■ Dataset content
........

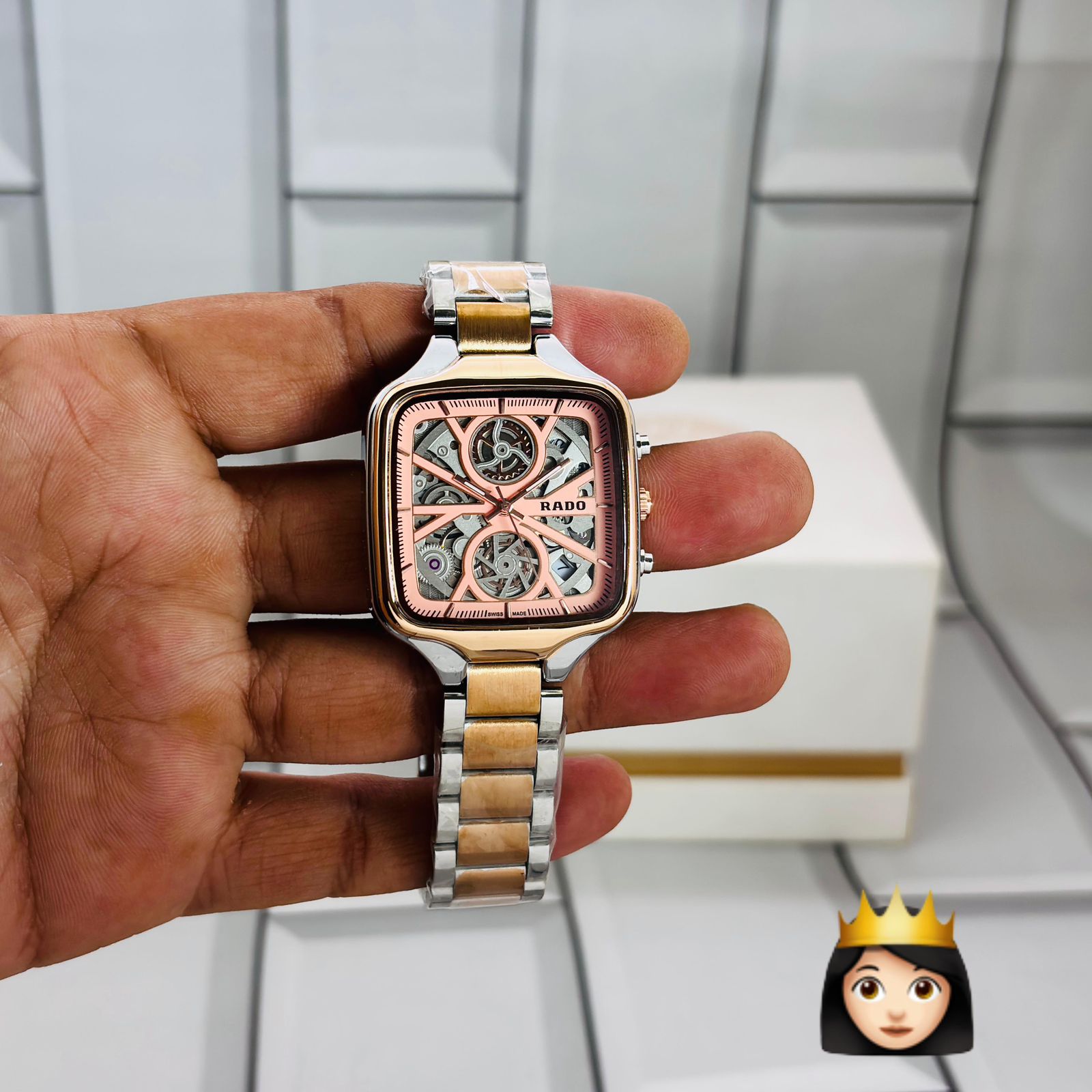 Buy First Copy Rado True Series Open Heart Skeleton Chronograph 34mm Quartz Movement Ladies watch - Master Quality 7A Mirror at Lowest Price Online India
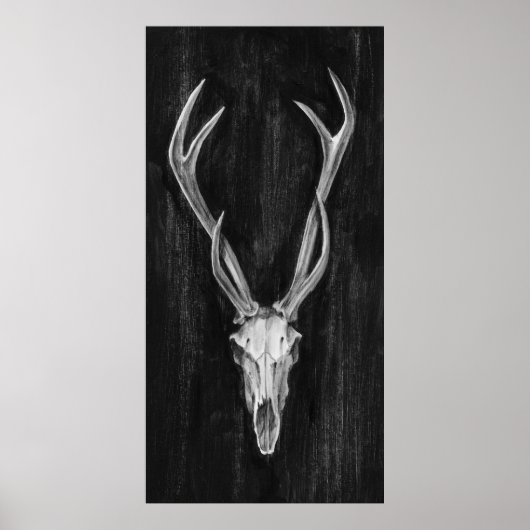 Rustic Deer Animal Head Poster (Voorkant)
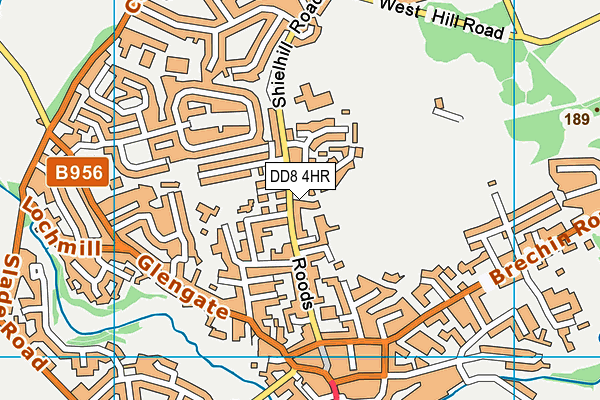 DD8 4HR map - OS VectorMap District (Ordnance Survey)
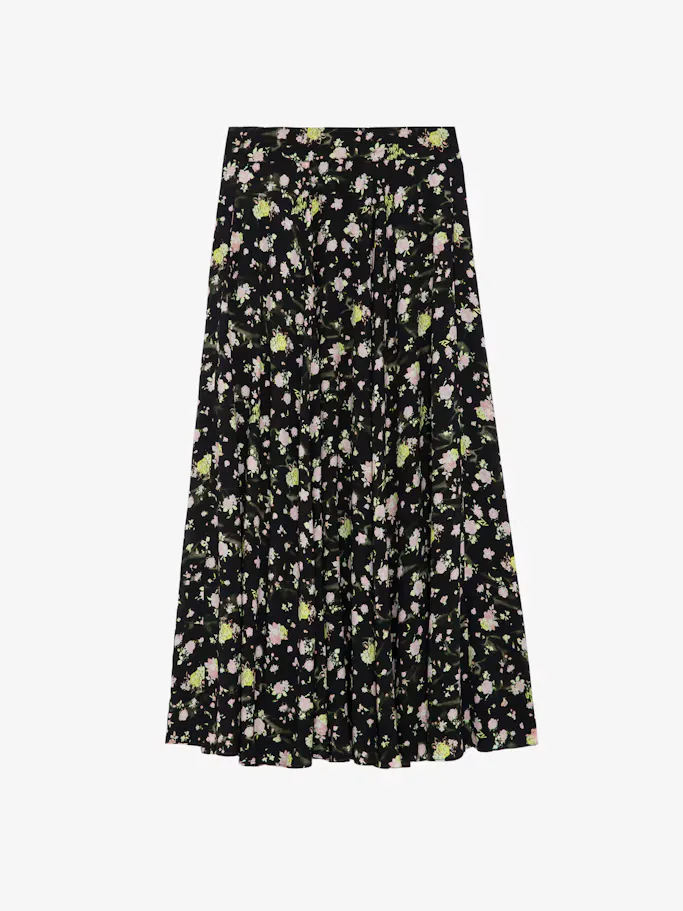 Joyo Soft Crinkle Roses Skirt by Zadig & Voltaire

........

■ Required action
Beginning at the line that contains "DD8 4HR map", retype each line of the data above through the very last one. Do not retype the pictures.

■ Response area
 DD8 4HR map - OS VectorMap District (Ordnance Survey)
 Joyo Soft Crinkle Roses Skirt by Zadig & Voltaire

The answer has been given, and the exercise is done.